Here's are pull requests to the Kryo library which does what is recommended in this article:
There's another surprise with BigDecimal
. Let's do something very innocent - print
the value of BigDecimal
to the logs:
var decimal = BigDecimal.valueOf(123_456_789, 3);
out.println("object size before: " + GraphLayout.parseInstance(decimal).totalSize());
log.info("doing something with {}", decimal);
out.println("object size after: " + GraphLayout.parseInstance(decimal).totalSize());
This simple action of printing the object increased its size from 40 bytes to 96
bytes. That's because BigDecimal
caches the result of toString()
invocation for
later use, which kind of makes sense. Constructing string representation of BigDecimal
is somewhat costly, and developers often print objects to console or to log, or to
user-facing messages, so caching toString()
result improves performance, when it's
used multiple times on the same instance.

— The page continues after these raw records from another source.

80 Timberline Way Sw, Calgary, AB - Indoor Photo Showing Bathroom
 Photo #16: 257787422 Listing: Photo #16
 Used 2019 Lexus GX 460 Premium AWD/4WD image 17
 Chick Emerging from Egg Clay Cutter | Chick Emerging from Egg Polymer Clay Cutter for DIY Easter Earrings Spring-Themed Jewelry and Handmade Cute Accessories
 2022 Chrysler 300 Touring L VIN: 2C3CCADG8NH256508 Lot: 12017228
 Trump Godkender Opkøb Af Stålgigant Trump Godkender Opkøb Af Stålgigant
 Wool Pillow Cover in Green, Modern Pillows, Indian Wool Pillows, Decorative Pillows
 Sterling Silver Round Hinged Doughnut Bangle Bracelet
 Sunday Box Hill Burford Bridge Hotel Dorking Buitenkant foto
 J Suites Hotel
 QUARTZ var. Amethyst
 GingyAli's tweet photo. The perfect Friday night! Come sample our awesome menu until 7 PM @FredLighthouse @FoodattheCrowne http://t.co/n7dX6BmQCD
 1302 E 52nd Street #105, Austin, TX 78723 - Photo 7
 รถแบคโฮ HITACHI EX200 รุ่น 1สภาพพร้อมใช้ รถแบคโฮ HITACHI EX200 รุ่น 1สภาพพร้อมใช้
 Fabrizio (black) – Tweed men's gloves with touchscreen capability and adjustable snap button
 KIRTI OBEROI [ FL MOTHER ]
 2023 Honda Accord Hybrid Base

Usually applications forget BigDecimal
shortly after it was used, for example they load data from database or from another
system, perform some computations using it, then move on to do other things, so then
the BigDecimal
can be garbage collected. But if your application remembers
BigDecimal
objects for longer periods, unknowingly by just adding a log/debug
statement in your code you may increase memory usage twofold.
You may avoid this effect by using toPlainString()
or toEngineeringString()
instead of toString()
. In Java 17 they are not cached.
The BigDecimal
is a very useful utility, especially for financial applications,
as it enables arbitrarily large precision and values and full control over rounding.
I highly recommend using it, but in some cases, mostly when you keep BigDecimal
object longer than just for a single request, you may have to take into account
its memory effects. Knowing how it works under the hood, you may avoid some gotchas.